(Records contained in a dataset)

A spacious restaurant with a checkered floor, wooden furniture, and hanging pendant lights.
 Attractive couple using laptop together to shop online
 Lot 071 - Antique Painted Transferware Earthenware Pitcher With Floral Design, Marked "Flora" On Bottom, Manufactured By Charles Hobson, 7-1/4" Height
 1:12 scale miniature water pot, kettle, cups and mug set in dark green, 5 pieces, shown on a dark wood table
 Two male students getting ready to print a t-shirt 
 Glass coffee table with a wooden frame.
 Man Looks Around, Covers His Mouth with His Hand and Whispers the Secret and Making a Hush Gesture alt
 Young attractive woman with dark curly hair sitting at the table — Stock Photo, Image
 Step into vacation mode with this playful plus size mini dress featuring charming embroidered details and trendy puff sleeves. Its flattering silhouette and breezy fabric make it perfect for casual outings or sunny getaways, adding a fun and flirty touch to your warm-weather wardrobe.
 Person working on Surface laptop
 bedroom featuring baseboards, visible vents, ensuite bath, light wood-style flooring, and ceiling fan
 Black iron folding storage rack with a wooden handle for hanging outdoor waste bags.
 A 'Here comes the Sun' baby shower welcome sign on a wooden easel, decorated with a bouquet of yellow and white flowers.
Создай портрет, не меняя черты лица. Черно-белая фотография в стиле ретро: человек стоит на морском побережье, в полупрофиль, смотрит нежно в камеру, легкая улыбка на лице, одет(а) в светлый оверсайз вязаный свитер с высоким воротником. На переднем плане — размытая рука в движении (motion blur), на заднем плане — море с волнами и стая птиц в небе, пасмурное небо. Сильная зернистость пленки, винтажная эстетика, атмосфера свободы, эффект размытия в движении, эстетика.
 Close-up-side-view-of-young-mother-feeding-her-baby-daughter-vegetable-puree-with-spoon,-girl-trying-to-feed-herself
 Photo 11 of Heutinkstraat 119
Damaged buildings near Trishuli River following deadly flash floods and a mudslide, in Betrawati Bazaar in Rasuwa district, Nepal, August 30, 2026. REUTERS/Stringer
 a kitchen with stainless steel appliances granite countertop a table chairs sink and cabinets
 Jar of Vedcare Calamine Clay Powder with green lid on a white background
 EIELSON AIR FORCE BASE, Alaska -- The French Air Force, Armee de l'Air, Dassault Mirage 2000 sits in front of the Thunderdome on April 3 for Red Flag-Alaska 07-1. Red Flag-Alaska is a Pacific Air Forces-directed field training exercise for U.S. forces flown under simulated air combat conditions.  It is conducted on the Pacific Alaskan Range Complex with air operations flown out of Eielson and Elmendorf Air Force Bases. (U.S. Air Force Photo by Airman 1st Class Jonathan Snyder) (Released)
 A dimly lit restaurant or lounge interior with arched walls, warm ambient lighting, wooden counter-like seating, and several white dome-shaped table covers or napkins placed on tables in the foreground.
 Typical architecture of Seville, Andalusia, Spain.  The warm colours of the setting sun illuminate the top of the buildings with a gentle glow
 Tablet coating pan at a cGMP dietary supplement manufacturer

▶ **What you will do**
From the records above, give again exactly the lines running from the line with "Two male students" to the line with "Young attractive woman", inclusive.

▶ **Answer space**
 Two male students getting ready to print a t-shirt 
 Glass coffee table with a wooden frame.
 Man Looks Around, Covers His Mouth with His Hand and Whispers the Secret and Making a Hush Gesture alt
 Young attractive woman with dark curly hair sitting at the table — Stock Photo, Image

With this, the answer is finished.